Global existence versus finite time blowup dichotomy for the system of nonlinear Schr\"odinger equations

TL;DR

This paper develops a profile decomposition for a kinetic energy inequality, studies extremizers, and applies these results to establish a dichotomy between global existence and finite-time blowup for a multi-particle nonlinear Schrödinger system.

Contribution

It introduces a concentration-compactness approach for operator inequalities and extends the global existence versus blowup dichotomy to multi-particle systems.

Findings

Constructed extremizers for the kinetic energy inequality.

Derived properties of extremizers, including Euler-Lagrange equations.

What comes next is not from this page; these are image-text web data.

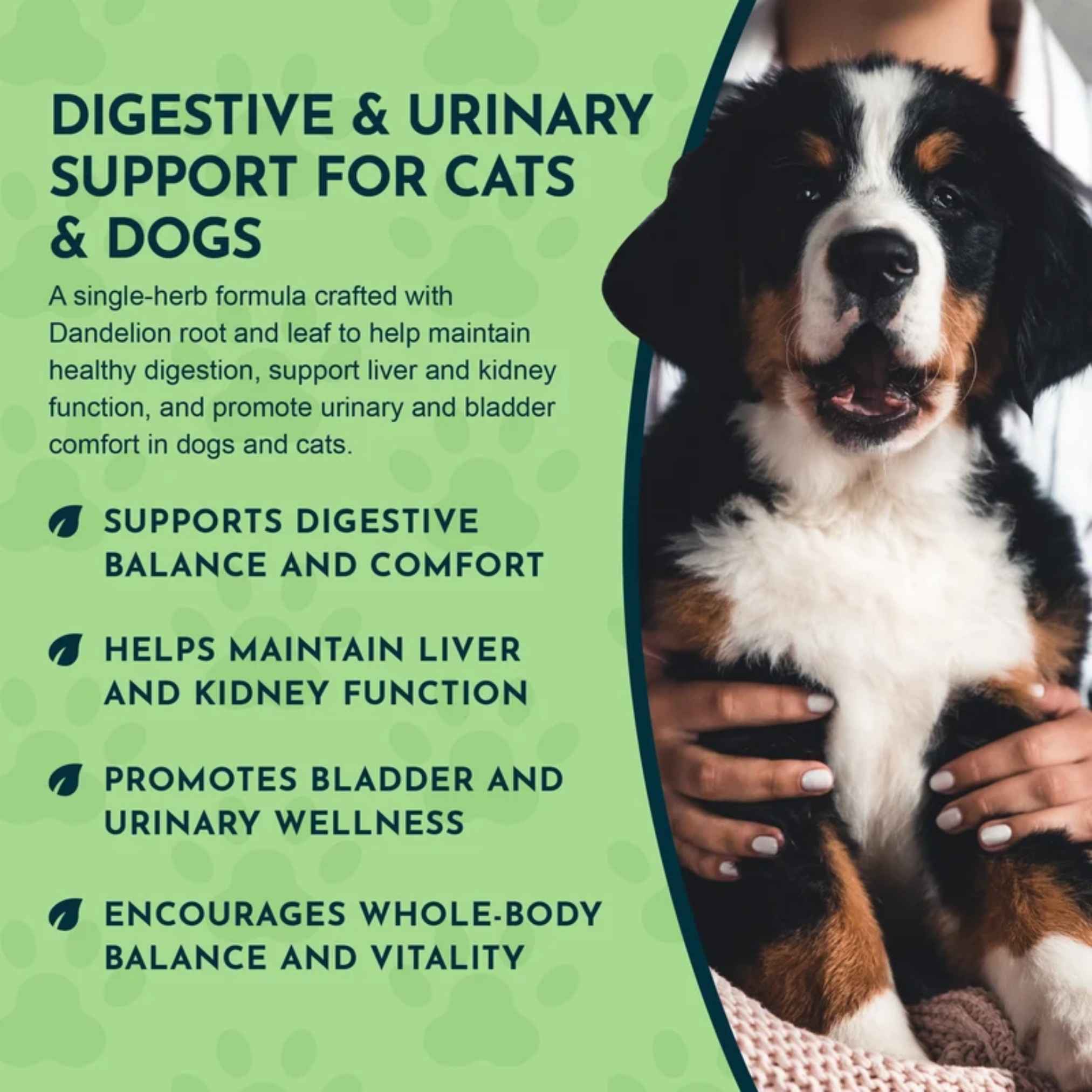 Animal Essentials Dandelion Herbal Tonic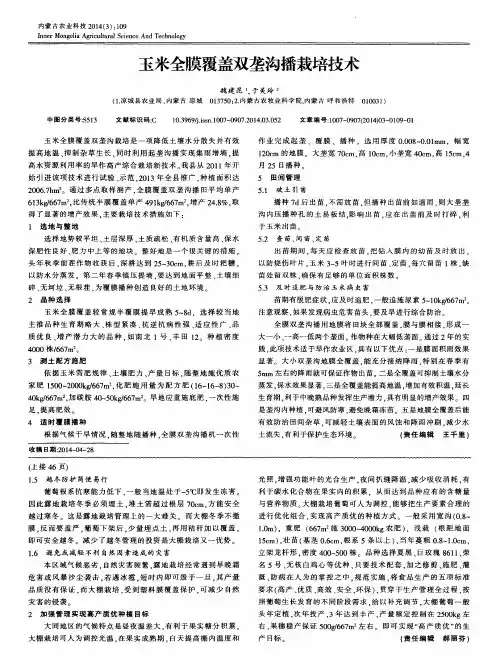 玉米全膜覆盖双垄沟播栽培技术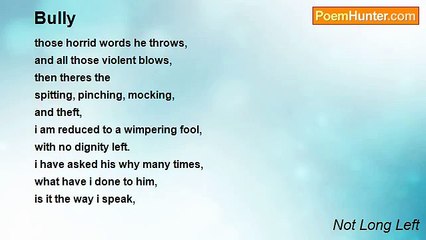 Not Long Left - Bully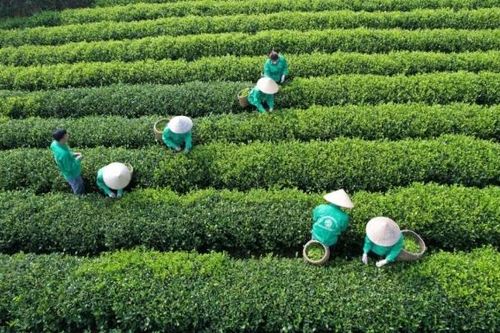 Phát triển chè hữu cơ, nâng tầm thương hiệu 'Đệ nhất danh trà' Thái Nguyên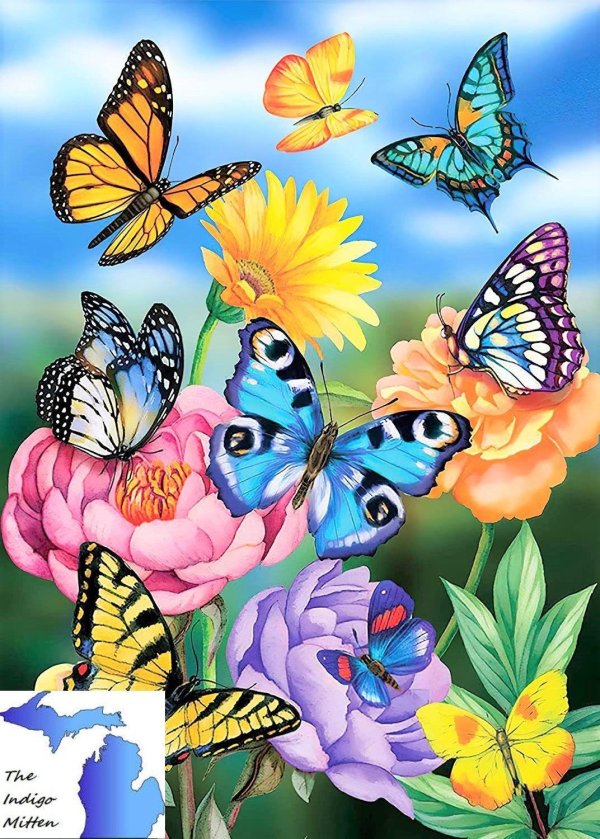 картины бабочек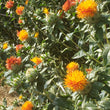 Load image into Gallery viewer, Corrales Azafran Safflower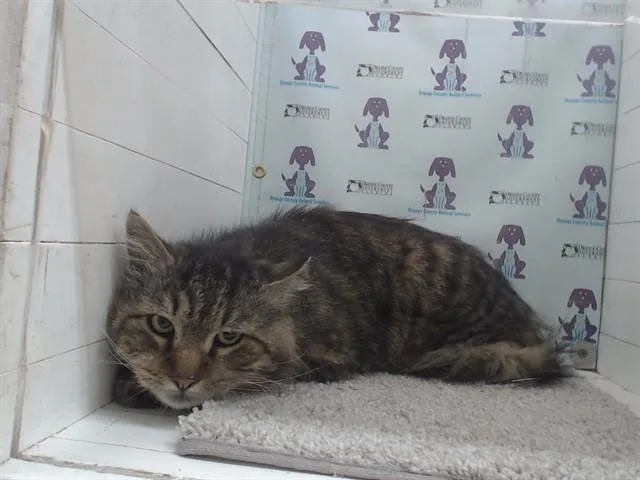 An adult small-sized male Maine Coon cat named Tom for adoption in Orlando, FL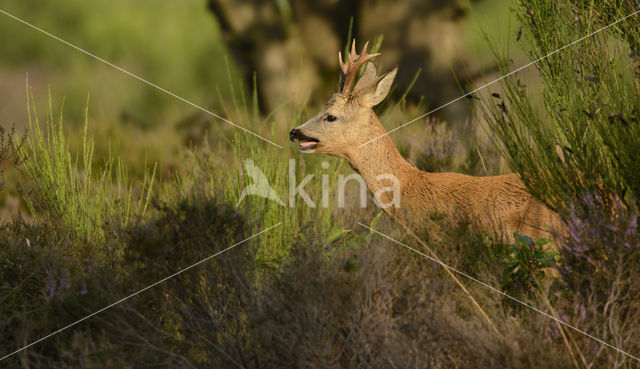 Ree (Capreolus capreolus)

Established a global existence versus blowup dichotomy for multi-particle nonlinear Schrödinger systems.

Abstract

We construct an extremizer for the kinetic energy inequality (except the endpoint cases) developing the concentration-compactness technique for operator valued inequality in the formulation of the profile decomposition. Moreover, we investigate the properties of the extremizer, such as the system of Euler-Lagrange equations, regularity and summability. As an application, we study a dynamical consequence of a system of nonlinear Schr\"odinger equations with focusing cubic nonlinearities in three dimension when each wave function is restricted to be orthogonal. Using the critical element of the kinetic energy inequality, we establish a global existence versus finite time blowup dichotomy. This result extends the single particle result of Holmer and Roudenko to infinitely many particles system.